*** Data provided ***
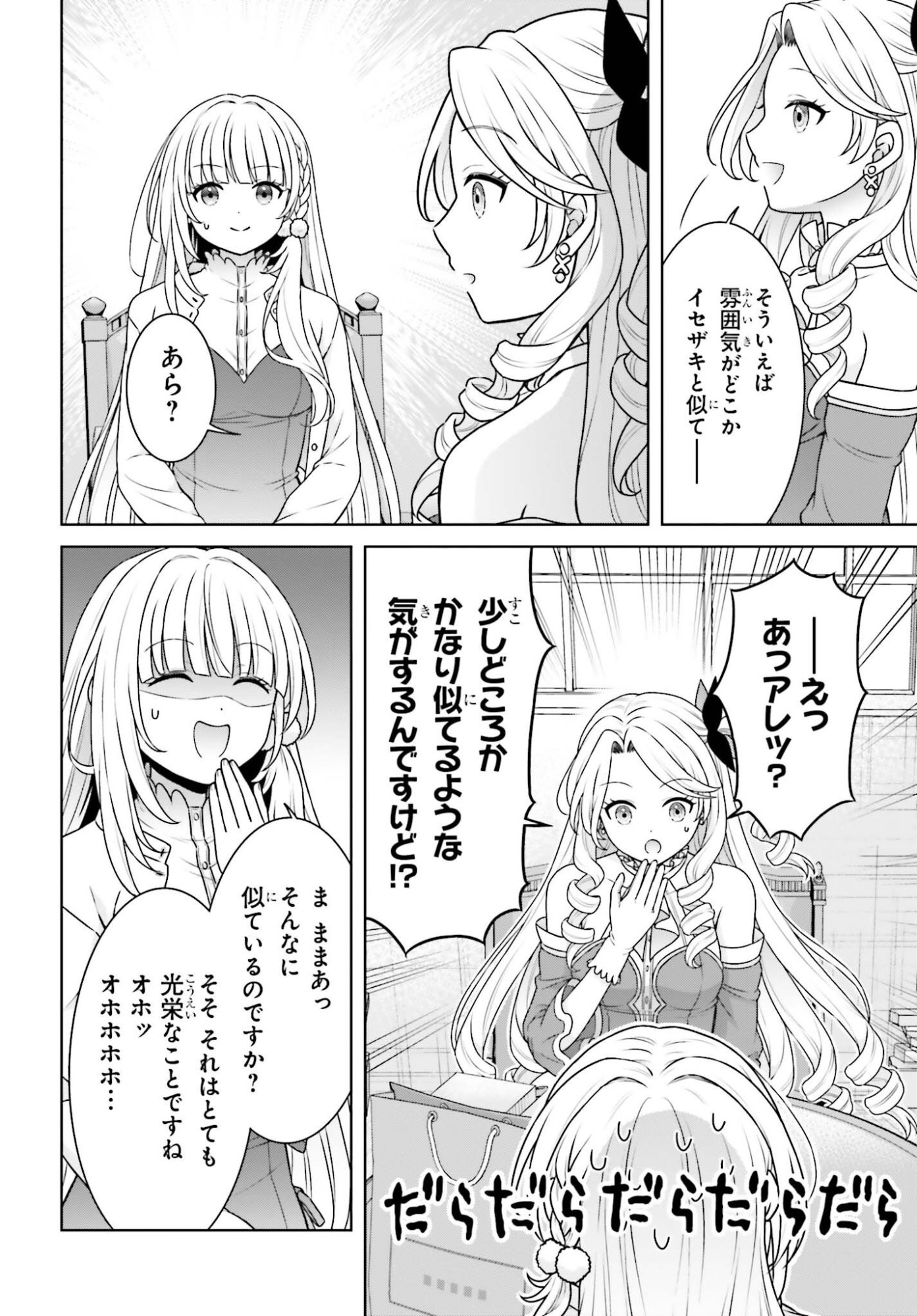 Gokinjo JK Isezaki-san wa Isekaigaeri no Daiseijo Chapter 15 4ページ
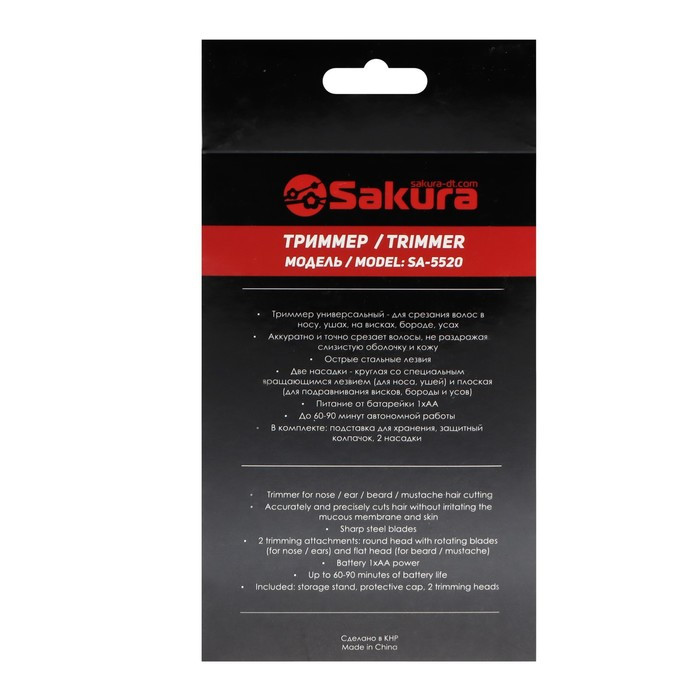 Триммер для волос Sakura SA-5520, для носа/ушей/бороды/усов 1хАА (не в компл.), чёрный - фото 8 - id-p216659150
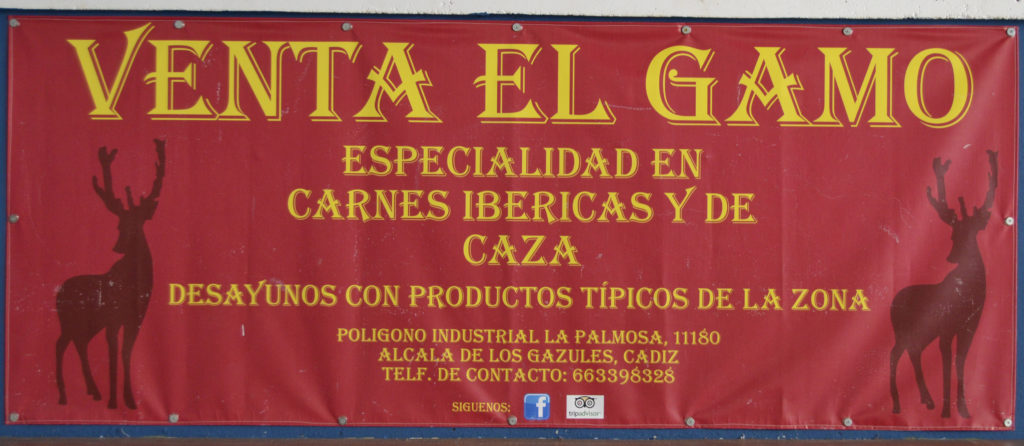 VENTA EL GAMO VALLA ULB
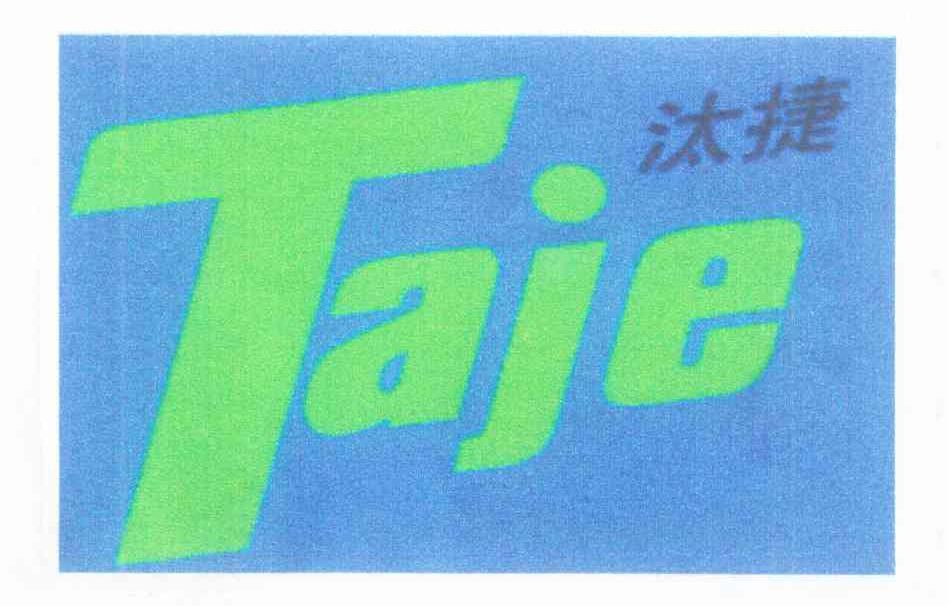 汰捷 TAJE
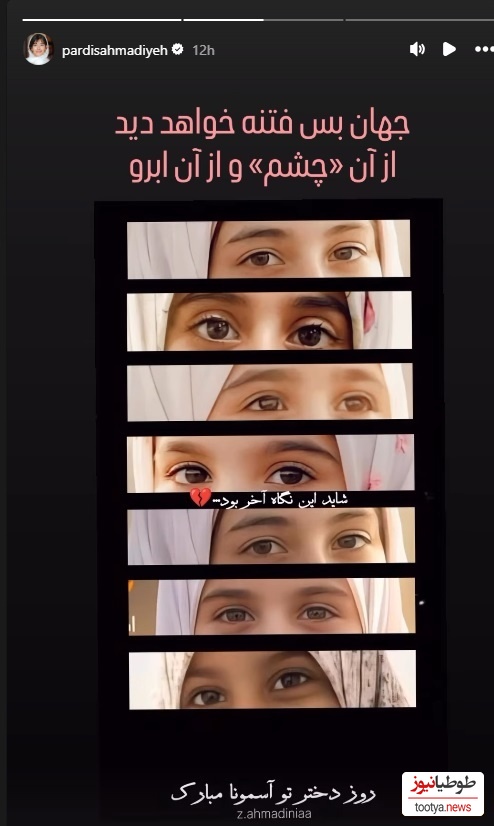 استوری پردیس احمدیه 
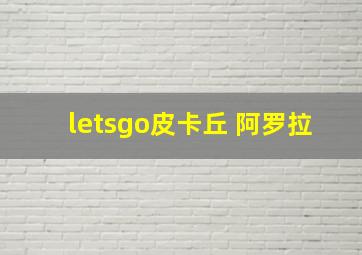 letsgo皮卡丘 阿罗拉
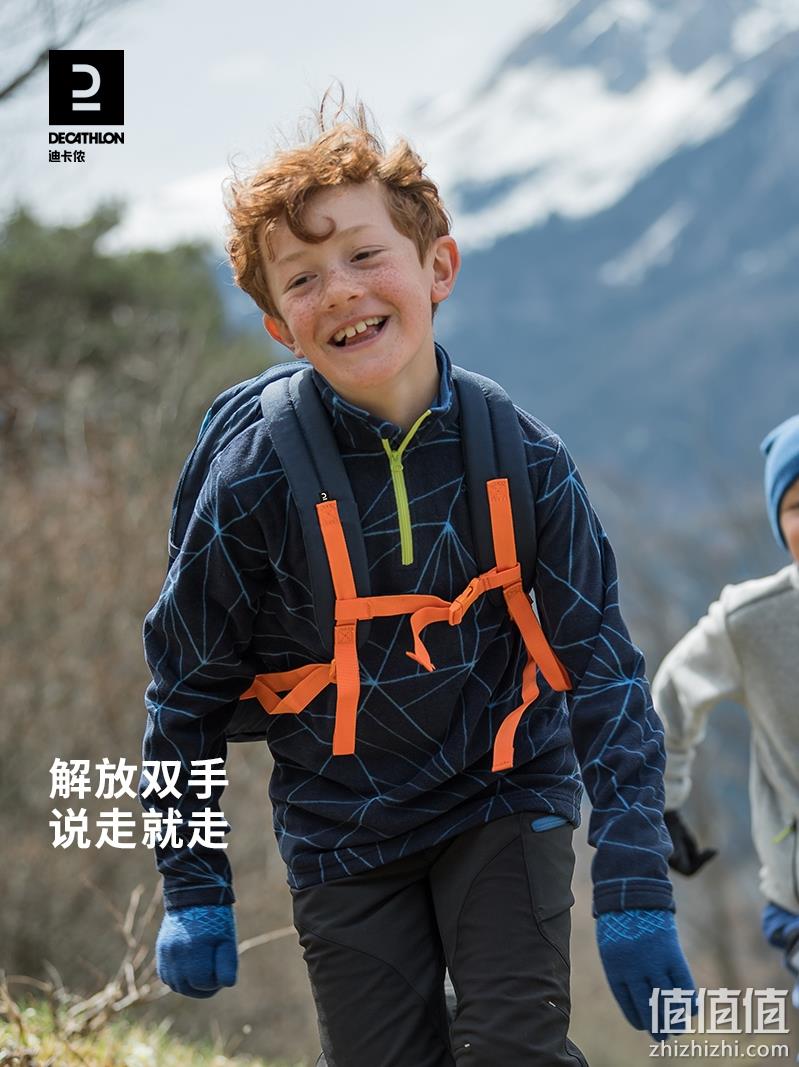 新低！Decathlon 迪卡侬 2023年新款儿童轻量双肩背包8357823  15L  多色 64.9元包邮 值值值-买手聚集的地方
*** End of Data provided ***
▶ Instructions to follow
The whole listing is to be retyped exactly, with its pictures removed.

▶ Answer space
 Gokinjo JK Isezaki-san wa Isekaigaeri no Daiseijo Chapter 15 4ページ
 Триммер для волос Sakura SA-5520, для носа/ушей/бороды/усов 1хАА (не в компл.), чёрный - фото 8 - id-p216659150
 VENTA EL GAMO VALLA ULB
 汰捷 TAJE
 استوری پردیس احمدیه 
 letsgo皮卡丘 阿罗拉
 新低！Decathlon 迪卡侬 2023年新款儿童轻量双肩背包8357823  15L  多色 64.9元包邮 值值值-买手聚集的地方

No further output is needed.